051.時間と空間の創造主


――ハクタイシティ――

 ハクタイシティは、昔を今に繋ぐ街といわれている。近代化が進む街が数多くある中で、現代人が忘れつつある歴史が残る街なのだ。ポケモンジム以外に、歴史を刻んだポケモンの像があるらしく、それを見るのがとても楽しみ。
 他に目立つものといえば、街中どこから見ても一際目に付く怪しいビルと、そして……

「シャワァ……」
「こっちにおいで、シャワーズ」

 怯えるシャワーズを傍に寄せた直後に、私たちはギンガ団とすれ違った。この街には、普通にギンガ団が徘徊しているみたい。街の人たちも、その状況に慣れ切ってしまっているみたいだった。

「きゃ」
「っと、悪い……お! レイン!!」

 出会い頭に、前から走ってきた子と衝突して、勢いに負けて尻餅をついてしまった。もしかしたらと思ったけど、聞き覚えのある声で確信した。
 顔を上げれば、やっぱりジュン君が私を見下ろして手を差し伸べている。その手を取り、引っ張ってもらった。

「久しぶりね。クロガネシティ以来かしら」
「そういえば、そうだよな」
「相変わらず急いでるのね」
「おう! 強くなるためには一分一秒も惜しいからな! ここのジムバッチも手に入れたぜ!」
「本当?」
「ああ! ムクバードとポニータがいたから余裕だぜ! ブイゼルはちょっと相性が悪いから控えててもらったけどな!」
「そうだったのね。おめでとう」
「へへ! レインはハクタイに着いたばかりなのか?」
「ええ。まずはポケモンセンターに……」
「じゃあ、おれがあの有名なポケモン像まで案内してやるよ!」

 私の意見を聞く前に彼の中で決断が下されたようで、私がついて来るものと思って前を歩いていく。私は苦笑しながら後を追った。相変わらず、ジュン君はジュン君だわ。

「見えてきたぜ。あれが……なんだ?」

 心臓が、大きく音を立てる。素手で心臓を掴まれたような、そんな感覚。少しでも息を吸えば、そのまま握り潰されてしまいそうなほどに。
 思わず、ジュン君の背後に隠れた。ポケモン像の前に立っている、あの人は……

「……これがハクタイのポケモン像」

 シンジ湖で会った、アカギさんだ。

「この世界を形作るのは、時間と空間の二重螺旋。そして、シンオウに奉られるのは時間と空間のポケモン。シンオウの神話……その真実を調べるべきか」

 アカギさんはしばらくポケモン像を見上げたあと、運悪くこちらに向かって歩いてきた。
 ドクン、ドクン。震えが止まらない。ジュン君の陰に隠れたまま、私は目を合わせないように必死に俯いていた。

「……失礼、退いてもらおう」

 アカギさんがジュン君の横を通り過ぎるとき、二人の肩が軽くぶつかった。私の心臓は、未だに変な鼓動を刻んでいる。
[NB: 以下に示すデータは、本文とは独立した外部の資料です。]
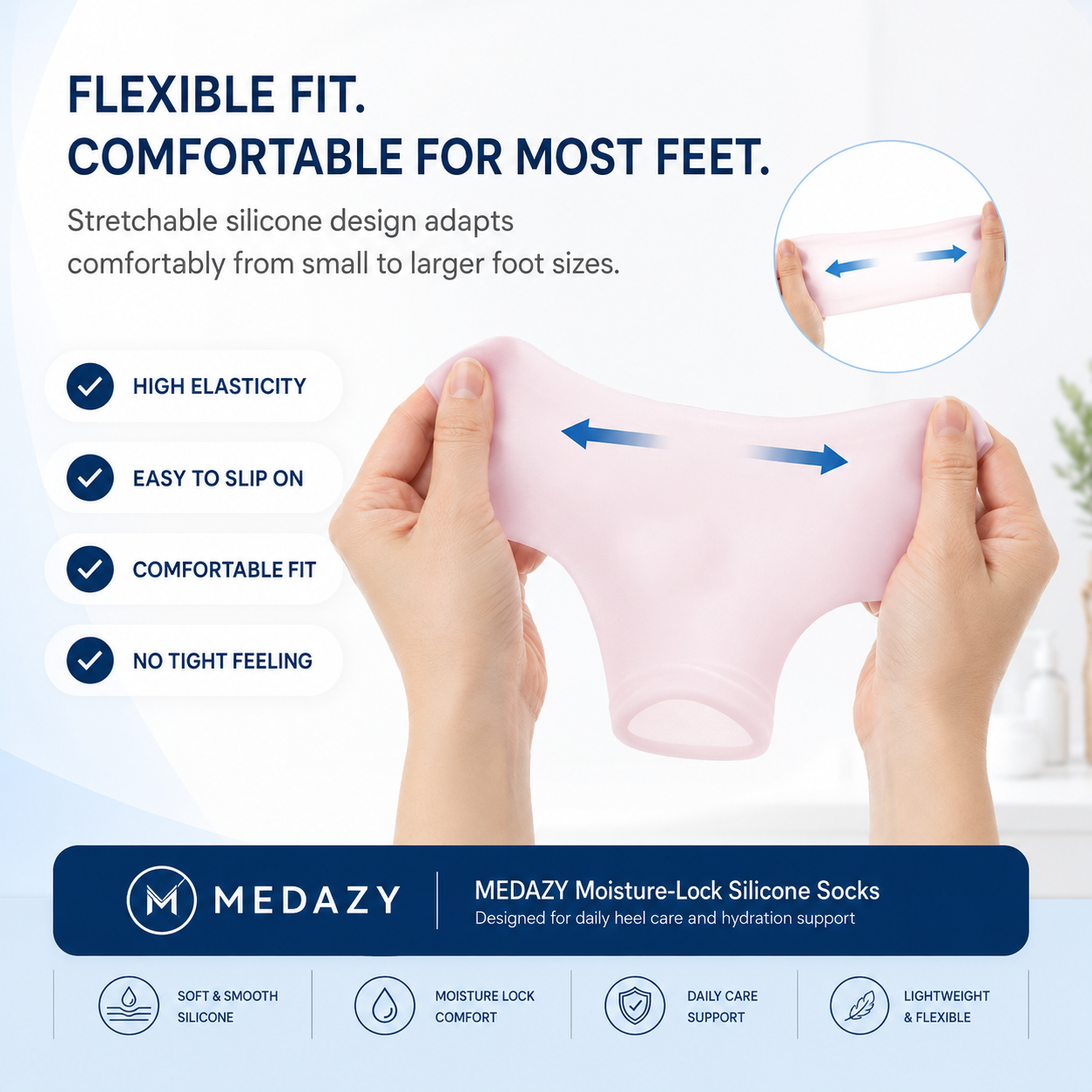 MEDAZY™ Heel Recovery System – Cracked Heel Cream + Moisture-Lock Silicone Socks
両手が冷や汗で湿って、気持ち悪い。
 ジュン君は無言でポケモン像を眺めている。

「っ……ジュン君?」
「……」

 いつもとは違う神妙な表情に、ハッとさせられる。まさか、彼もアカギさんに何か違和感を……?

「……」
「あの、ジュンく……」
「あっ!!」
「っえ?」
「レイン! おれさ、今ぶつかってすごいこと閃いちゃったよ!!」
「閃い……た?」
「ああ! 最強トレーナーになる簡単な方法だよ! 自分の技は全部当てる! 相手の技は全部かわす! そうすりゃ負けるわけない! 無敵のトレーナーだぜ!!」
「……」

 確かに、それはそうだけど……まさか、そのことをずっと考えていて……?
 「そうと決まれば特訓開始だ! レインはポケモン像でも見とけよー!」と走り去るものだから、さすがに少し呆然としてしまった。走り去るジュン君の後ろ姿を見送るのは、いつの間にか見慣れた光景になってしまった。
 しばらく私は気付いていなかったけど、いつの間にか手の震えはおさまっていた。